しばらくして王宮内へ案内され、ある一室へ案内される。そこへやって来たのはプラチナブロンドの髪で、ドレス姿の美少女であった。
「裕貴様のお姉様の美琴様。幼馴染の勇様と舞様。そしてグラスプ大森林の魔女のアーシィ様でございますね。裕貴様からお聞きしていた通りですわ……。」
4人の名前を確認した少女はすっかり意気消沈しており、申し訳なさそうに立っていた。
「裕貴は!?裕貴はどこに居るの!」
美琴が立ち上がって少女に詰め寄る。
「一足遅かったですわ。裕貴様は先ほど、古代竜に連れ去られてしまいましたの……。」
「な、なんですって!?」
美琴の顔が青ざめる。
「連れ去られたとは一体どういうことなのでしょう?」
「その、なんとなくは分かるんだが、名前を教えて貰ってもよろしいでしょうか?」
舞も立ち上がって声を上げる。勇はそんな舞と美琴を見つつも少女に名前を聞いた。
「連れ去られたとはそのままの意味です。パレードが終わって中庭で休まれていた裕貴様が古代竜の背に乗って飛び立つのを見たのです。それと、申し遅れました。私はこの国の王女。アクリア・マリーン・サマーリアと申します。」
優雅に一礼するアクリア姫。もっとも残念ながら4人ともそれにさしたる反応は見せなかった。

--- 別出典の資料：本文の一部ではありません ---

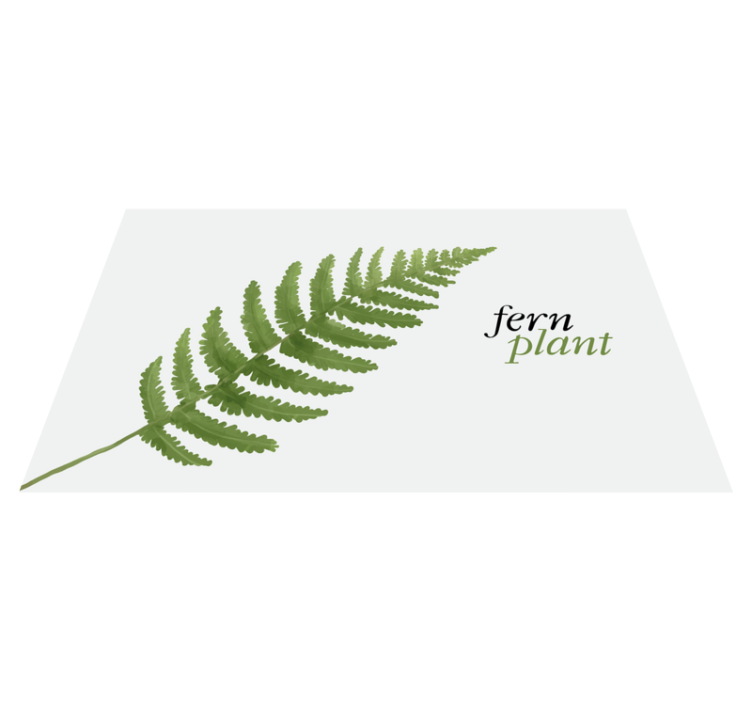 Fern plant design floral vinyl carpet - TenStickers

「まさかお姫様自ら説明しにきて下さるとは思わなかったな。それで、竜が人を攫うっていうのはよくある話なのか?」
勇の言葉にアクリア姫は今にも泣きそうな顔で首を横に振る。
「いいえ。そもそも竜が王宮に現れること自体前代未聞の事態ですの。まして竜が人を攫うなど聞いたこともございません。」
「あなたは直接裕貴が竜の背に乗って飛んで行くのを見たのでしょう?何故それが古代竜だと思ったのかしら?」
アーシィがするどい眼光を向けるが、アクリア姫は俯いてそれには気づかなかった。
「まず普通の竜が空から侵入したなら、祝祭でこれだけ人が居るのですもの、騒ぎになっているはずですわ。それが誰にも気づかれずに王宮へ侵入出来たのならば、人の姿になることも出来るという古代竜では無いかと思ったのです。」
「なるほど。理屈は通っているわね。裕貴が自分から竜に付いて行ったって可能性はない?」
さらなるアーシィの質問にアクリア姫はさらに首を振る。
「何があったのかは分かりませんが、裕貴様が元の世界へ帰る方法は我が国の魔導研究所が時期は不明なものの開発可能であるとお約束していたのです。まして、明日には報告が届くとお伝えしておりましたし、午後は祝祭の様子を見に行く約束をしていましたのに。」
とうとう泣き出してしまうアクリア姫。
舞はそんな彼女にそっと寄り添い頭を撫でる。
「よくわかりましたわ。あなたは何も悪くありません。裕貴さんの事を大切に思ってくださってありがとうございます。」
そんな姿を見て、アーシィは少し困った顔になる。
「ごめんなさい。別にあなたを責めていたわけではないのよ。古代竜が現れるなんて聞いたことがなかったものだから。彼らはグラスプ大森林よりさらに北。ファイタム山地の山頂にある巣に籠っていると聞いたことがあるわ。」
「じゃあ裕貴はそこに居るのね?」
アーシィの話に美琴は声を上げる。だがアーシィは首を横に振った。
「確かに古代竜が背に乗せて行ったのなら竜の巣に居るでしょうね。ただその場所は下から登るのは不可能だと聞いたわ。それこそ空を飛んででも行かなければならない場所よ。」
難しい顔をしているアーシィに対し、美琴は決意のこもった眼差しを見せる。
勇は胡乱な目つきで、舞はキラキラとした目つきでそんな美琴を見た。
「なら話は早いわ!飛行機でもなんでも作って飛んでいけばいいのよ!アクリア姫様といったわね?裕貴を助けに行くのに力を貸してくれるかしら。」
「そ、それはもちろん。しかし裕貴様は大丈夫なのでしょうか?」
「大丈夫だと思うわ。古代竜は古の異世界人の盟友という伝承で、竜たちは今でもその想いを受け継いでいるらしいわ。おそらく裕貴を連れて行ったのも彼らなりに何か考えがあってのことでしょう。間違っても裕貴に危害が及ぶことはないでしょうからそこは安心して良いと思うわ。」
アーシィははっきりそう言って頷く。舞とアクリア姫の顔に安堵が戻る。
「それじゃ裕貴を迎えに行くために作戦を考えましょうか。」
そう言った美琴の瞳はギラギラと燃えているのだった。